The following are six key trends that promise to reshape the pharma landscape this year and beyond:

  1. Easing Regulations. The ability to bring COVID-19 vaccines and treatments to market in months, instead of 10-plus years, has proven that it’s possible to safely accelerate approvals. This year we may see greater flexibility and speed in bringing vital drugs to market, based on this evidence. Yet, this is trend that has been simmering for a while. The easing of regulations has been in the works since the 1980s, when Congress passed the Orphan Drug Act to spur greater innovation in treatments for rare diseases. The FDA allowed for smaller trials and less rigid evidence standards, and it offered longer patents without generic competition.


  1. Greater Clinical Backlogs. Because of the urgency of fast tracking vaccine approvals and implementing clinical trials, the coronavirus pandemic put a halt to many other clinical trials for critical diseases last year. In 2021, we will see those clinical trials gradually ramp up, and new DMFs being filed.  Even with more flexible regulatory requirements, the backlog will cause increased burdens on the FDA’s ability to keep pace with their oversight.


  1. Supply Chain Disruption. Offshoring manufacturing to far-off locations, such as China and India, has been standard practice for many years now, as pharma firms became lured by lower costs. That model worked well until COVID-19 came around and many firms were unable to receive critical raw materials with any predictability. In 2021, pharma firms may reconsider their use of offshore suppliers, or at the very least, more closely vet suppliers to make sure they won’t compromise critical project deadlines.


  1. Rising Drug Prices. Because of the hardships faced by pharma firms, forced to close their offices, shut down their plants or limit transport via plane, ship or trucks because of sick workers, the limited supply of critical drugs, and the rising cost to produce them is increasing. In addition, in the U.S., the ever-growing network of pharmacists, pharmacy benefit managers and others all taking a slice of the profit, will continue to create a snowball effect on drug prices.


  1. Growth of Pharma Start-Ups. The formation of start-up firms was strong in 2020. According to CrunchBase data, in the first half of the year, “start-ups secured a record 44 supergiant funding rounds of $100 million or more.” This growth is likely to continue in 2021, driven by the need for additional COVID-19 treatments and vaccines, as well as the availability of interested investors looking to finance novel gene therapies and other pharmaceuticals.


  1. High Manufacturing Demand. Contract Manufacturing Organizations (CMOs), with specialized expertise and cGMP-level infrastructure, will be in high demand for companies working to quickly bring about new COVID-19 treatments, as well as drugs for cancer and other diseases. There simply will not be enough of specialized manpower and internal resources to keep pace with demand. According to MarketsandMarkets, “the global active pharmaceutical ingredients market size is projected to reach $248.3 billion by 2025.”

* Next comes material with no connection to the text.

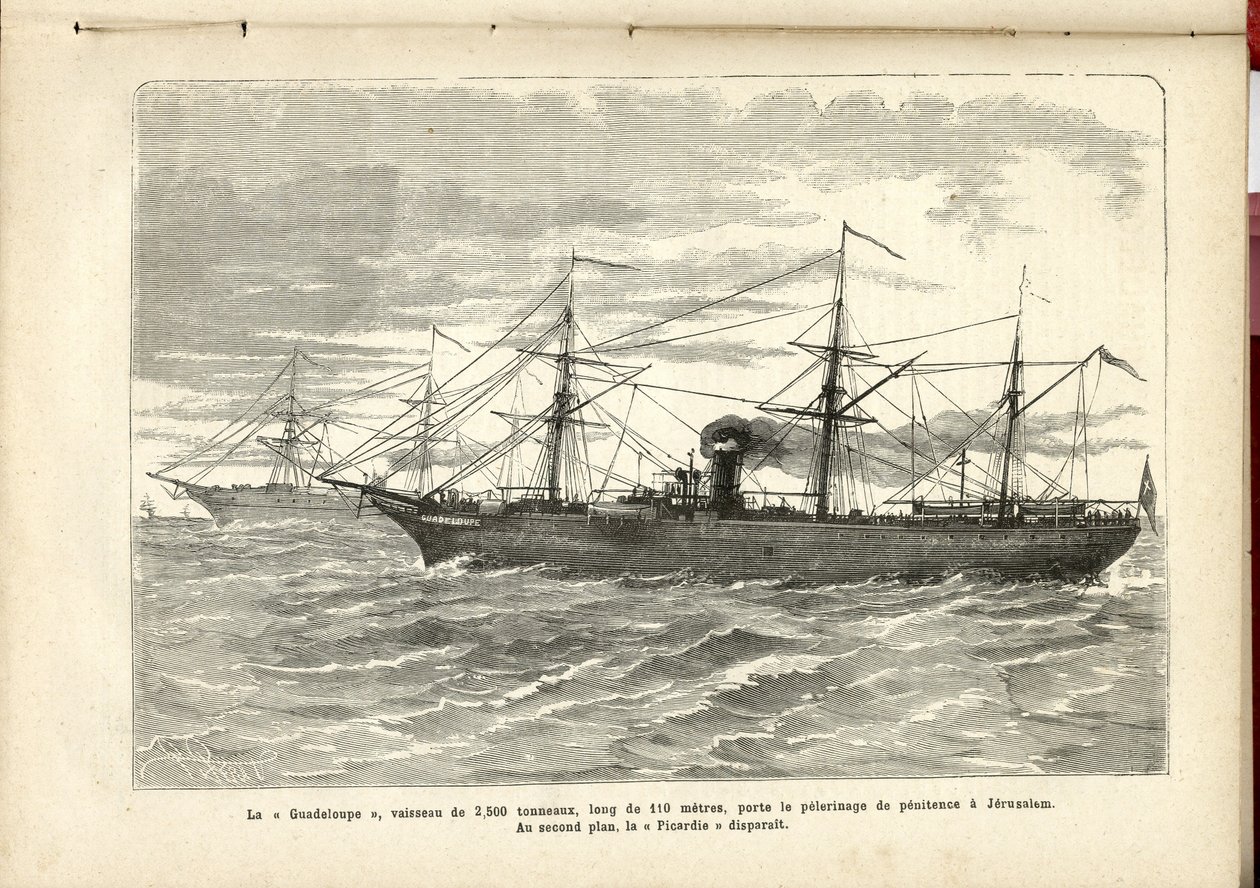 2.500 tonluk bir gemi olan 110 metre uzunluğundaki “Guadeloupe”, tövbe hac ziyaretini Kudüs'e taşıyor., Anonim, The Pilgrim by French School
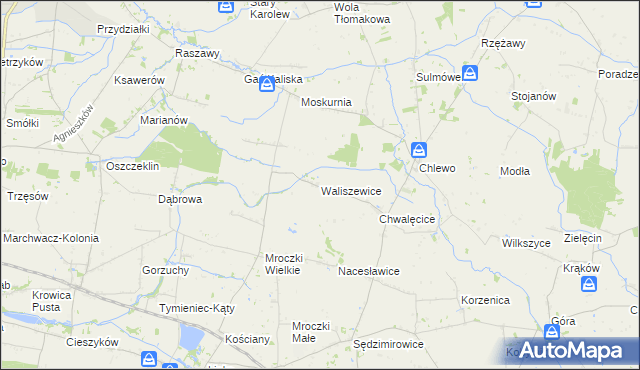 mapa Waliszewice, Waliszewice na mapie Targeo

The pandemic ushered in a new generation in the pharma industry, and we can expect sweeping changes in how vital drugs are produced, manufactured and approved.  Despite some challenging new trends, such as rising drug prices and approval backlogs, there is bright new hope for the industry in 2021 as firms, governments and consumers become inspired by the possibilities enabled through science, innovation and a common goal.


About the author

Jean-Noel David

Jean-Noel David, who holds an MBA from the Goizueta Business School at Emory University in Atlanta and a Master’s of Science degree from ENSTA Paris, is the managing director for Seqens CDMO North America. He is responsible for growing manufacturing capacity, staff and equipment in North America and integrating U.S. operations throughout Seqens’ 24 manufacturing sites and R&D centers around the world.